OMG I was watching that video today on BET and it gave me the chills too!!! She is so passionate and powerful in her music!


----------



## MAC_Pixie04 (Feb 28, 2007)

Quote:

   Originally Posted by *SChotgurrl* 

 
_OMG I was watching that video today on BET and it gave me the chills too!!! She is so passionate and powerful in her music!_

 
me and my sister were bawling at the theatre when we saw the film.  not only is her voice so powerful, her expressions were priceless.  i've never seen an actress convey such emotion in any scene.


----------



## Sanne (Feb 28, 2007)

that's girls gave me goosebumps all over my back when I watched dreamgirls, she's amazing!!! didn't she win amaerican Idol or something??


----------



## glamdoll (Feb 28, 2007)

I love how she sings i think she is good.. 
this season on american idol im votin for lakisha!
shes doing this for her daughter and moms must unite! heheh

I saw both of the movies, Babel n Dreamgirls and in my opinion
it should have gone to the hispanic lady not because im hispanic to but because of the role she played in the movie 
and her career which seldom ppl know but I do

but yeah Jennifer got it and good for her, she did a really good job too!


----------



## MiCHiE (Feb 28, 2007)

Quote:

   Originally Posted by *MAC_Pixie04* 

 
_me and my sister were bawling at the theatre when we saw the film.  not only is her voice so powerful, her expressions were priceless.  i've never seen an actress convey such emotion in any scene._

 
Jennifer's voice is great and I love her emotion. She has a song called "Stand Up" that I absolutely love to listen to. And, if you think her performance was good, you should check out Jennifer Holliday's Tony Award Performance. You will be crying, for sure...So emotional.


----------



## Viva_la_MAC_Girl (Feb 28, 2007)

No she got voted off American Idol!   ( CAN YOU BELIVE THAT! )   I guess things happens for a reason.. look where she is now in her life!

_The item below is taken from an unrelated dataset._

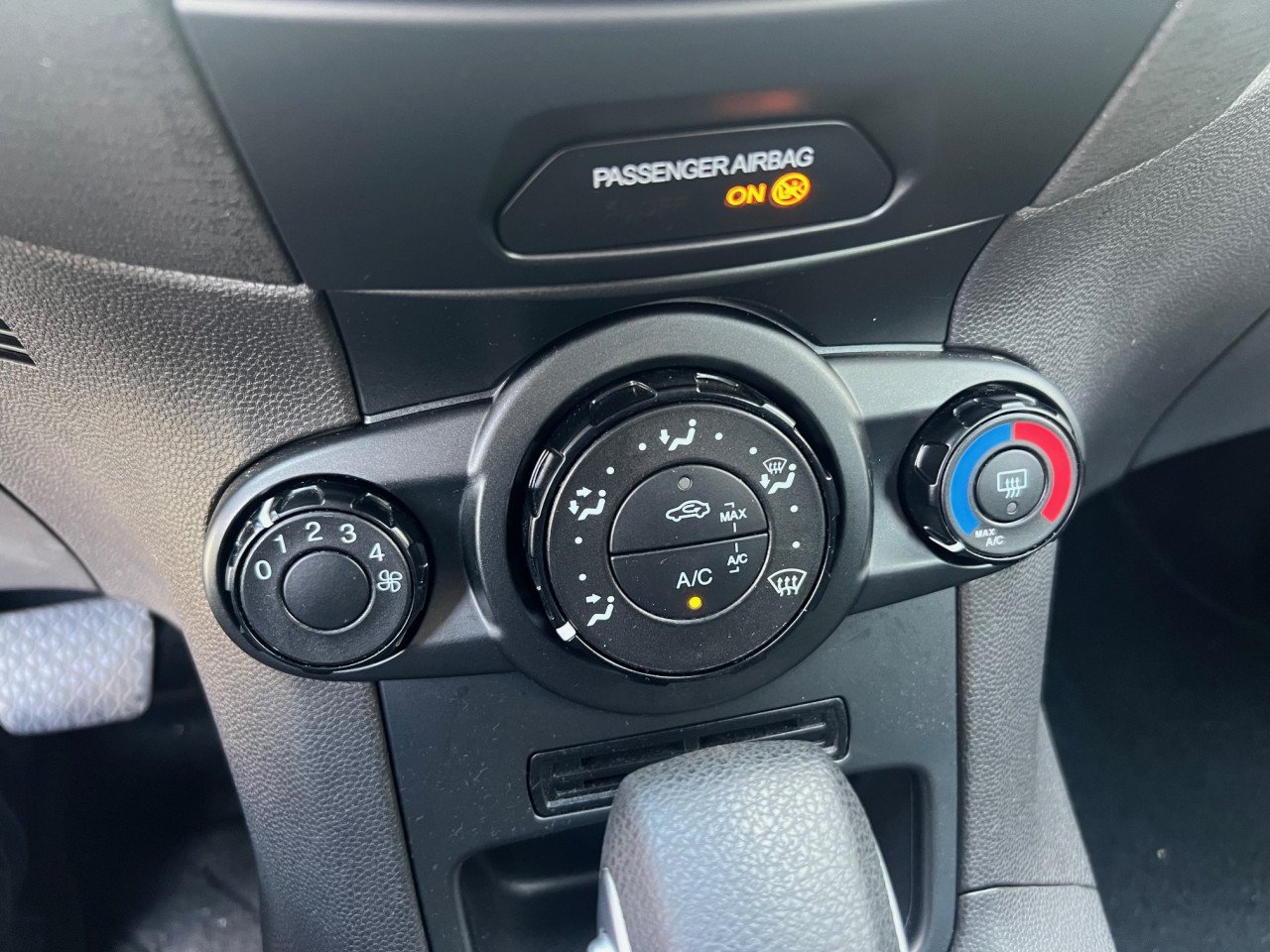 Keurige Ford Fiesta uit 2014 met slechts 58.000 km, Automaat!!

I TOTALLY AGREE.. when I heard her in Dreamgirls.. WOW.  Chills.  Emotion. amazing.



 Quote:

   Originally Posted by *Sanne* 

 
_that's girls gave me goosebumps all over my back when I watched dreamgirls, she's amazing!!! didn't she win amaerican Idol or something??_


----------



## Indigowaters (Mar 10, 2007)

Quote:

   Originally Posted by *MAC_Pixie04* 

 
_me and my sister were bawling at the theatre when we saw the film. not only is her voice so powerful, her expressions were priceless. i've never seen an actress convey such emotion in any scene._

 
I did the same thing. I was looking around and saw a lady next to me bawling and I COULDN'T STOP CRYING!


----------